Kent and Sussex Courier (UK)
April 30, 2004

Fears have been sparked about the intentions of an anti-drugs talk in Markbeech after it turned out to be led by people with links to a controversial group. Geraldine Ormond, the organiser of the hour-long lecture last week, admitted she would not have got involved if she had known the main speaker was linked to the Church of Scientology.

However, she said the talk did not peddle the group's beliefs and only one leaflet which was handed out made reference to it. Scientologists insisted it was not a scientology event.

Villager Graeme Raeburn, 24, raised concerns after receiving one of Mrs Ormond's flyers advertising the anti-cannabis lecture, which was held in the village hall on Tuesday last week and attracted 80 people.

Although he did not attend the get-together, he told the Kent and Sussex Courier he was worried it was a recruitment drive for new members.

Scientology was formed in the 1950s by East Grinstead-based L Ron Hubbard. It is referred to by members as a religion specialising in the spiritual being but has been plagued by accusations of being a money-making cult.

The Markbeech talk was led by American Bobby Wiggins, who speaks for Narconon, a drug rehabilitation programme which employs the beliefs of scientology.

Mr Raeburn, a vice-president at the Royal College of Art Students' Union, said: "There have been a lot of controversial things they have been doing.

"The rehab involves complete surrender to the controlling people so effectively they are handing over their money and putting their complete belief into the Church of Scientology.

"In no way am I saying I am pro cannabis or any other drug, it is just the fact that when you look into it it's not all it seems." Mrs Ormond organised the lecture after missing one held in Forest Row earlier this month.
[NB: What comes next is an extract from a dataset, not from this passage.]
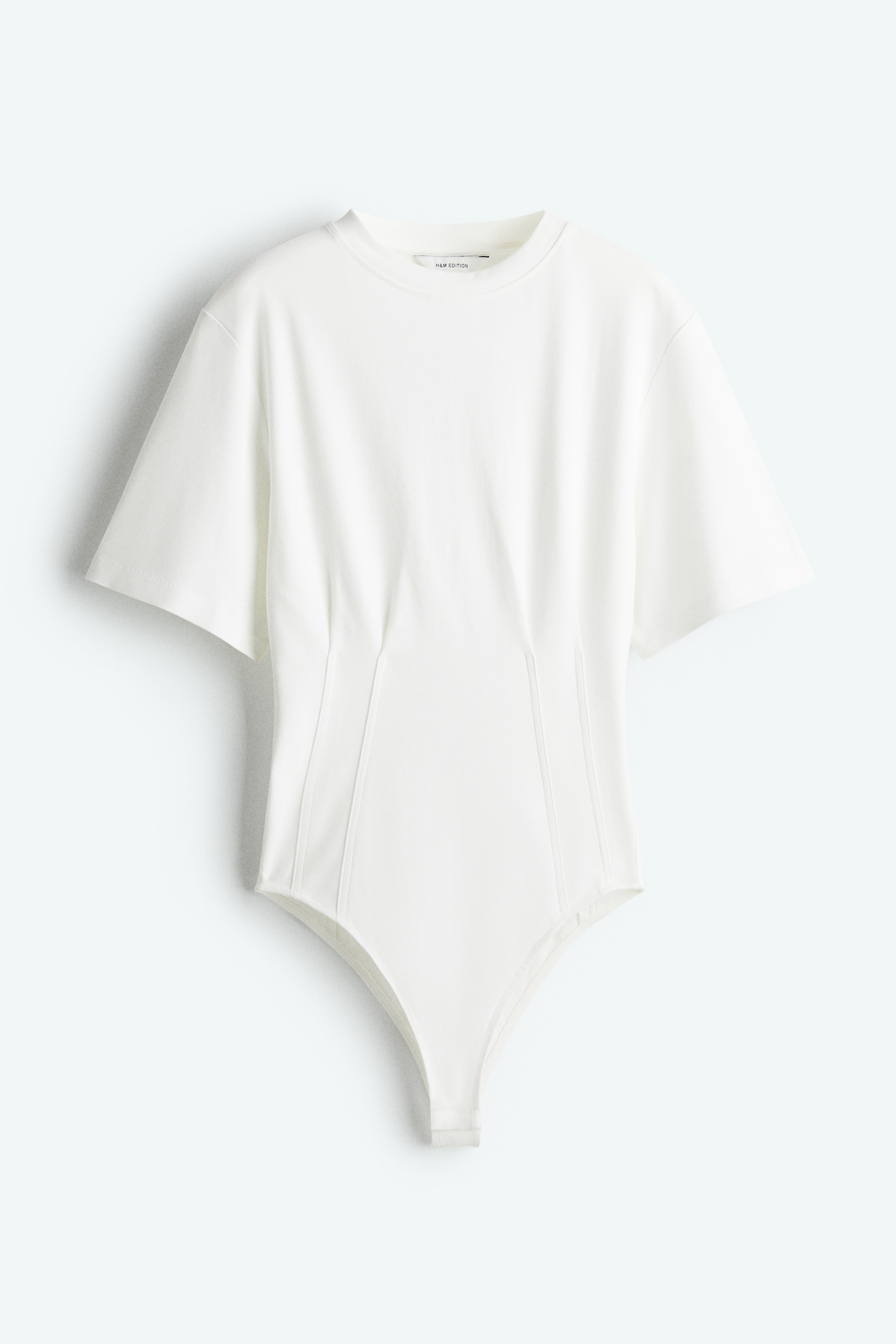 더블 저지 티셔츠 바디수트 - 화이트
She said: "Bobby did mention he works for or is involved with them but I didn't know anything of that when I organised the talk. There was no brainwashing and it was not a recruitment drive, it was purely educational." Scientologist Maryanne Hunter, 43, was also at the talk. She said: "It had nothing to do with scientology, all it had to do with was the community. Scientology is not bad, it is just a group of people who want to help."